Apt was released with Debian 2.1 in 1999.

> and it sure as hell 
> wasn't the case for Red Hat last June.

Red Hat has had Up2date (for corporate use) and Yum and even Apt-get for
a few years now.  Certainly since last June.  All of them will let you
pull down a package and all of its dependencies.

Both Debian and Red Hat treat the management of installed packages and
the tracking of available packages as logically separate tasks and built
separate tools to do the latter, rather than extending rpm or dpkg.
This still seems to be catching some people out.

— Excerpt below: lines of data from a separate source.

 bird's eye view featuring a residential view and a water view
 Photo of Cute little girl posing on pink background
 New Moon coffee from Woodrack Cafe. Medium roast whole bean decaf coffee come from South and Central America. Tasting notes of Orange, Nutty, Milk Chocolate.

Frankly, the packaging systems for the main Linux distributions are more
powerful and sophisticated than those of the various decendants of
386BSD.  This isn't so relevant for FreeBSD or OpenBSD, since they are
more integrated and centrally managed than any Linux distribution.
Different story with OSX, though, where the multiplicity of official
packaging systems (so not counting fink) makes for a real mess IMO.  I'm
used to being able to track the ownership and purpose of any file
outside /home or /var.

Installing a package by drag-and-drop is a nice feature but there's no
reason why that could not have been integrated with decent package
management.  That's something that both Gnome and KDE offered back in
the 90s, ironically.

As long as OS X's customer base is mostly the non-technical and Unix
geeks who are tired of worrying how their desktop is configured, I don't
suppose it matters so much.  Those who do care can run Debian on their
powerbooks.

-- 
Bruce

Hummingbirds are the only birds that can fly backwards, apart from
ostriches if you punch them hard enough.